どういうパートナーと協力するのが良いか?
人間は話してる時に一番脳が活性化する。話し合いながら共同作業をすることは非常に必要なので,そういうアプローチができるパートナーが重要である。本来は社内のメンバーだったりもするが,社内にはノウハウが足りないことが大半である。かといって外部のコンサルとなると,時間いくらとか決まっていたりとかおたがい気を遣い合って打ち合わせの頻度が少なかったりということがある。いつでも気軽に話せるような関係の社外のパートナーを見つけることが非常に重要である。
「採択されて終わり」ではない
9月上旬に,第2回公募の採択結果が発表されたが,採択されていきなりお金が先行でもらえるわけでは,当然ない。採択後,「交付申請」というものを行い,「こういう内容で補助金の申請しましたが,正式に見積書を取った結果,こういう形の具体的金額で補助金の交付を申請します」ということで補助金の交付決定を得るための申請を行う。

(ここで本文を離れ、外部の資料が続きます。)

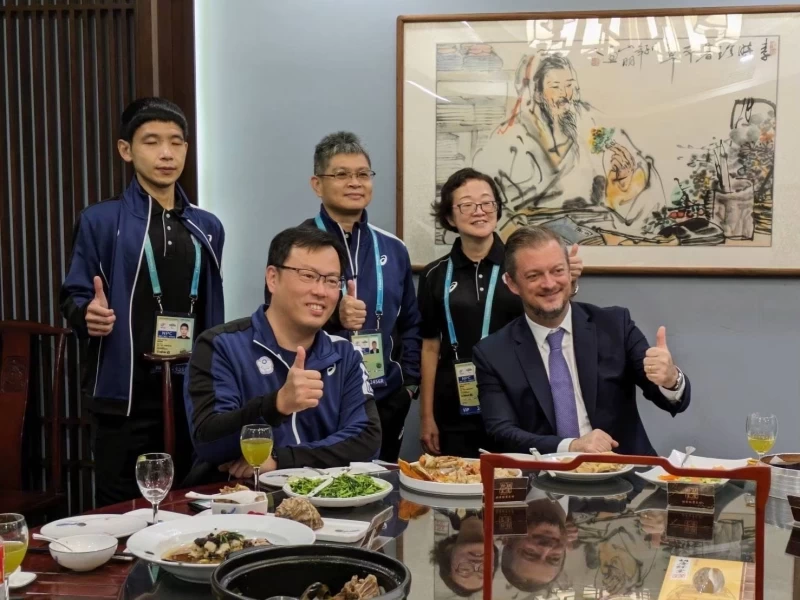 體育署鄭世忠署長(前排左)。資料照片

採択社から交付申請を受けて,事務局が補助金額等の審査及び決定を行うことになる。そして交付決定後,補助事業を行い(期間は最長12か月),補助事業として設備投資や事業展開を行い,実際に出費を確定し,最終報告(確定検査)して認められて,補助金が着金となる。多くの申請者が,採択を取るところまでを必死で行い,採択を得るとほっと一安心してしまうが,ある意味そこんがスタートラインである。交付申請の手引き,交付規程,様式集,J-Grantsでの申請マニュアルなどと格闘しなければいけない。今までの申請作業と同じぐらいのパワーで,今度は手続論をやっていかなければいけない。よく問題になるのは,見積書の取得に関する部分だと思われる。50万円を超える出費に関しては相見積もりが必要となる。資産の購入で機械を買う場合などは割とわかりやすいかもしれないが,システムを構築しますとなれば,要件定義からやるんですかという話になる。そうすると結構時間がかかる。さらにそれは相見積りで比較考量しなきゃいけないということになる。
最後に
事業再構築補助金を活用した新規事業開発や業態転換は,会社にとっての一大プロジェクトである。交付決定後も,1年間の補助事業期間に,事業投資活動を行い,新製品の開発や新サービスの開発に取り組み製品化し,営業展開の準備を行う必要がある。その後,3年から5年,事業に取り組み,毎年事務局に活動状況を報告をするということになる。そこまで考えると,トータル6年7年のプロジェクトになってくるという感じである。これは生半可な気持ちでできるもんじゃないということを肝に銘じて事業再構築補助金という制度と向き合う必要があると考えられる。